As I gear up for the start of the semester, the Archaeological Institute of America annual meeting, and catching up on some overdue or soon to be overdue projects, I’m going to lean on some other fine folks for some content on the ole blog.
First, go and check out Colleen Morgan’s fine study of Punk Archaeology in Aqueologia Publica 5 (2015): “Punk, DIY, and Anarchy in Archaeological Thought.” She unpacks the potential scope, history, and significance of punk archaeology by situating it within larger academic and social movements committed to social justice, DIY practice, and anarchy. She not only established the history of punk’s place within archaeology and academia, but provided some loose guidance for its future (as is only fitting). The only thing I would have added to the essay is that the book, Punk Archaeology, that came out of our 2013 conference was the inaugural volume for the Digital Press which took the notion of the zine and applied it to academic publishing. The book is both about punk, and punk in its publication. The co-editors collaborated throughout the publication process and participated in every aspect of the work from lay-out to copy editing, proof reading, and distribution. While the institutional affiliation of the The Digital Press probably distances it from being genuinely anarchic, an approach to publishing that intentionally challenges conventional organization of academic production and emphasizes the process as well as the product.

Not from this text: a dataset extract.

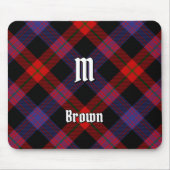 Tapis De Souris Clan Brown Tartan (Devant)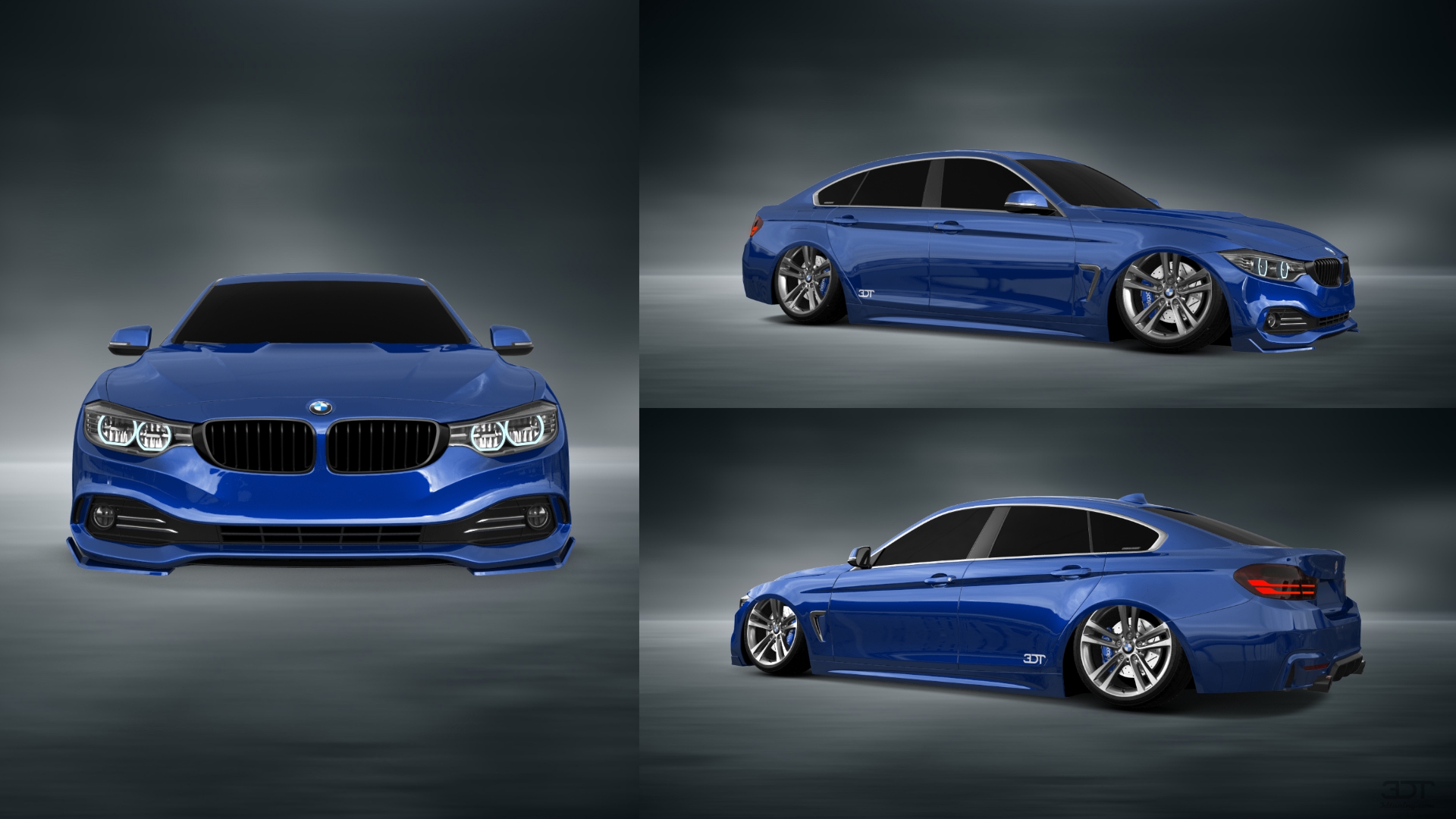 BMW 4 Series Gran Coupe 5 Door Liftback 2015 图片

You should also go and check out Andrew Bevan’s very recent piece in Antiquity 89 (2015), “The Data Deluge”. In this short, but direct article, Bevan thinks critically about the quantity of data archaeological projects are producing and the limited tool kit that we currently deploy to understand that data. He urges archaeology as a discipline to both develop better tools for understanding archaeological data, and to think more critically about the data that we are producing.